Courtesy of Warner Bros. Pictures via Facebook

The 2020 version aims to achieve a similar effect, to little avail. That’s not to say it’s bad. The film does have a few solid pros. It’s a good-looking movie, for one. The cinematography is far from interesting, and the CGI is wonky at times, but at the very least it’s colorful and pleasing to look at. The acting is decent as well, with Octavia Spencer and Jahzir Kadeem Bruno especially giving likeable performances that keep you hooked on the story. Overall the film captures the sinister yet playful energy often exuded in Dahl adaptations. If I’m judging it on pure entertainment value alone, I’d say it’s an enjoyable watch. Though I doubt it’ll stick with people the same way the original did.

What made the 1990 version so effective was its atmosphere. Director Nicolas Roeg leaned heavily into the narrative’s darker themes, namely the threat of child predators. As a result, moments of the film are genuinely unnerving (strangers enticing children with chocolate and candy) and haunting (the story of the girl in the painting). The film has a palpable sense of danger, something the remake is sorely missing.

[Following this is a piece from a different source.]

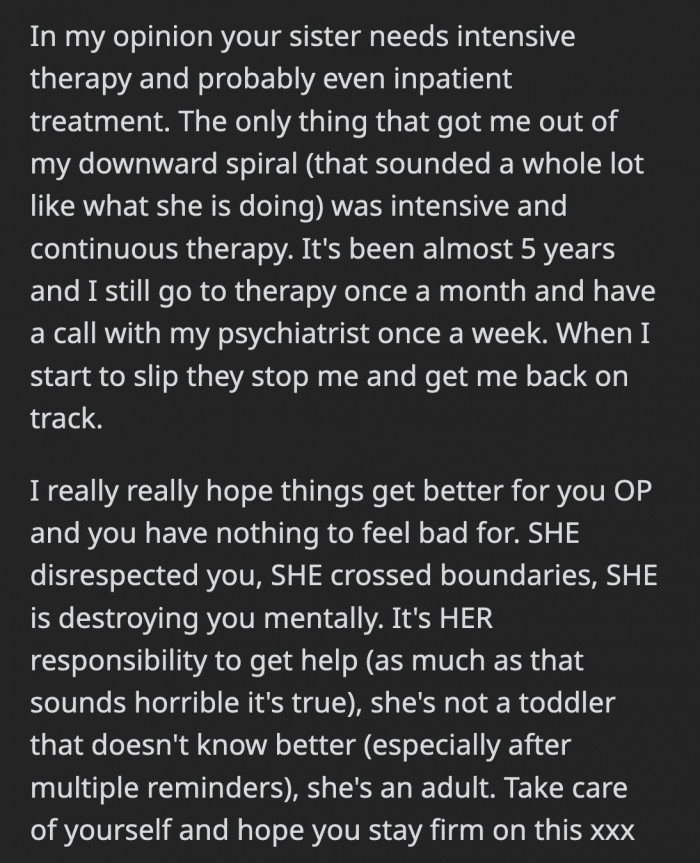 And since her sister is at a point where it’s getting out of hand, this Redditor has a suggestion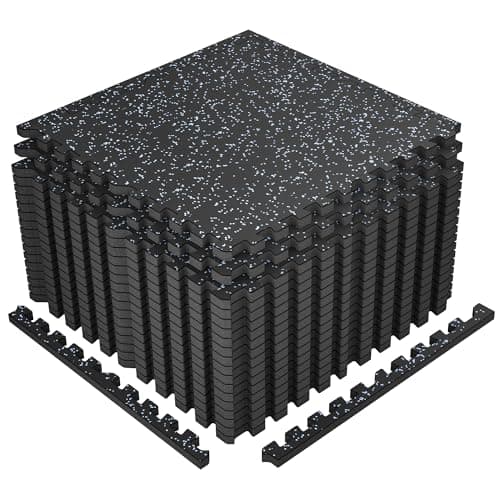 SUPERJARE 1" Extra-Thick Rubber Top Exercise Mat, Puzzle Gym Flooring for Home Gym, Gym Mat for Workout Equipment, Interlocking Floor Tiles with EVA Foam, 18 Pcs 72 Sq Ft, Black/Grey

This new adaptation leans more into the children’s fantasy nature of the story. It stays consistently light in terms of tone, and there’s very little darkness to be found. Moments that try to come off as menacing wind up being awkward. Case in point: Hathaway’s performance. It’s a mixed bag for me. On the one hand, she is enjoyably over-the-top. Her faux-sophistication, exaggerated accent and grandeur as the Grand High Witch makes for an entertaining character to watch. But sometimes she goes a little too far overboard, resorting to gravely screams while being painted over with iffy CGI that renders her entire performance a mixed bag. Additionally, the use of narration was a weird stylistic choice. Chris Rock plays the older version of the young lead, and provides voiceover narration that once or twice serves a purpose but most times does nothing to advance the storytelling. Rock’s voice sticks out like a sore thumb- think if Gilbert Godfrey did voiceover for The Princess Bride– and as a result, his narration does more to distract than to engage. In my opinion, the filmmakers should’ve either gotten a different actor to do the voice or eliminated the voiceover all together.

In the end, the 2020 adaptation of The Witches is just another adaptation. There’s no point in its existence, nor am I confident that it’ll have any long-lasting resonance in the public conscience. There’s a reason the 1990 version has garnered a cult following. The film indulged in a theme that in itself is universal, and the way in which it’s conveyed, through stellar practical effects and an eerie tone, allowed it to get under people’s skin in a meaningful way. Zemekis’s version is very light. It’s a competently made movie, and it’s clear that the people involved in making it were having a fun time. It’s a light film- thinly engaging, but lacking anything exceptional. It’s the type of remake that’s sure to entertain you in the moment, but be quickly forgotten a short time later.